What She Learned: She wrote in the her chapter of Mistakes I Made at Work that it’s always important to be gaining new work skills wherever you go, and to be aware of how your personality meshes with the office environment. But she also spoke about how even though she’s created a multimillion dollar media empire, she’s still vulnerable to criticism. “Even at my age, even at my job, I can be reduced to ‘this big’ by something somebody says,” she said. So that’s why she’s a fan of the “fake it ’til you make it” philosophy. “Bluff, pretend you’re on top of things, never publicly admit mistakes,” she said.

 

5) J. Courtney Sullivan (bestselling novelist, author of Commencement, Maine, and The Engagements)

How She Goofed: “I was a workplace Amelia Bedelia,” Sullivan said, referring to the popular children’s character who always seems to be messing up. She worked at various magazines and newspapers before becoming a full-time novelist, and once made a big mistake while she was an researcher for New York Times columnist Bob Herbert. “I got a phone call, and the person said, ‘does Bob want to meet with POTUS tomorrow?'” she said. She didn’t recognize the acronym at first, so she put him on hold. Then she went and said casually to her boss, “you don’t want to meet with POTUS tomorrow, do you?” It was only when he said yes that she realized that it was the President of the United States calling.

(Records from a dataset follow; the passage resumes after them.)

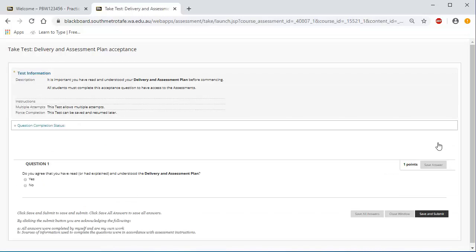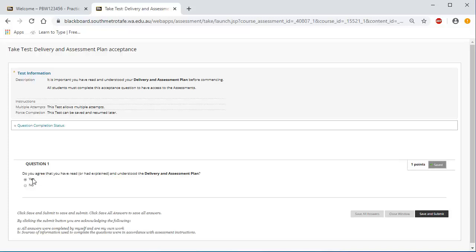Read Question 1 and if you agree, answer Yes by clicking on the Yes radio button. To save this response, click Save and Submit.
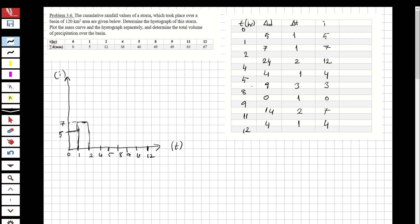Between 2 and 4 the intensity is 12, so we go up to 12 on the graph. Between 4 and 5, delta_d over delta_t is 4, so we come down to 4. Between 5 and 8 the intensity is 3, so we drop to 3 and hold that level across the interval from 5 to 8.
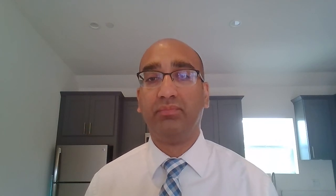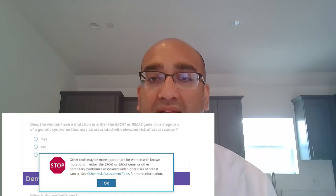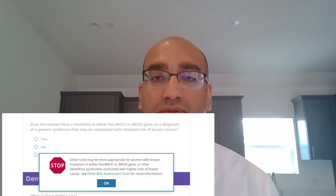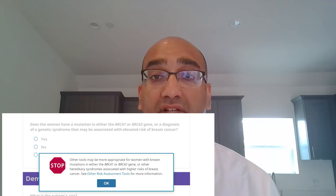If you have a history of BRCA1 or BRCA2, again I cannot use the Gale score, because I already know your breast cancer risk and do not need to calculate it.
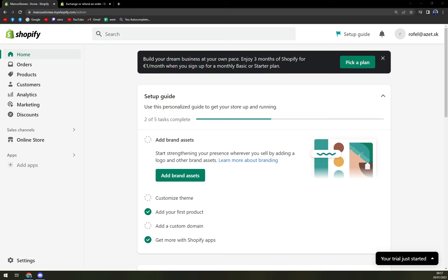Hello guys, my name is Matthew. And in today's video, I'm going to show you how you can easily add Dogecoin as a payment on Shopify.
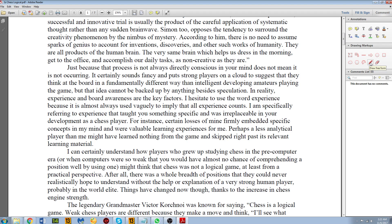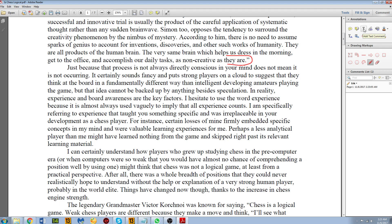you simply click on Draw Free Form here. Let's say I want to make the point that a citation is needed here. You can simply draw here, and then I can go to Annotations, Add Text Comment, and just put something here. I like to make sure that the text is also red, matching the red marking that I've already put there.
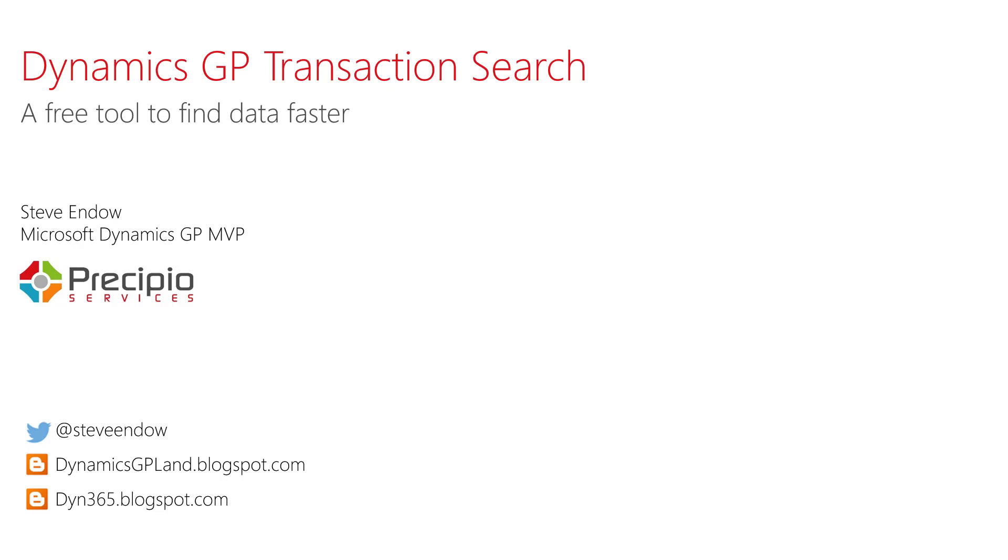Hi, I'm Steve Endo, and I'm a Microsoft Dynamics GP MVP. Today I'd like to review the latest release of the Dynamics GP Transaction Search tool.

What She Learned: Sullivan said that as a writer there’s a constant pressure to always be performing because “we’re all one step away from being caught– and we’re only as good as our last book,” which is why perseverance is so important. “As a young writer, all you can do is keep writing, keep going,” she said. “When you’re a writer, all your mistakes are right there on the page.” She said it’s about accepting that every book will have an imperfection, and just moving past it.

6) Joanna Barsh (director emeritus of McKinsey & Company, author of Centered Leadership: A Breakthrough Program for Leading with Purpose, Clarity and Impact.)

How She Goofed: As a summer intern at a top consulting company, Barsh found herself in client’s basement at 1 a.m. going through pages of data about ad revenue. She was supposed to present the data in a way that yielded insight for the client, but none of the math was working out. So she fudged the numbers, and the clients loved it. But when her supervisor called her months later to ask how she’d come to that conclusion, she had to confess that she’d lied and made up the results. “But that wasn’t my mistake,” she said. “My mistake was that I carried the guilt of that for 30 years. Women carry things for a very long time and we’re always striving for perfection. In my case, one mistake was enough on the scale to obliterate 30 years of good work.”

And even though she was at the top of one of the world’s best consulting companies, she still had doubts about her own competence. One time a male colleague called her to ask for recommendations of accomplished women to serve on board and he said “what about you?” Barsh declined, saying she wasn’t qualified enough. Her husband said “are you crazy?” and then she had to go back to ask the colleague to reconsider her. She ended up serving on the board.

What She Learned: Barsh said she’s learned that letting that one bad decision stay with her for so long was her real mistake, because the most successful people in the business world are often the ones who have made the most mistakes. “Being a failed entrepreneur makes you more valuable in the marketplace,” she said.

 

The original version of this article misspelled Dr. Ofri’s last name.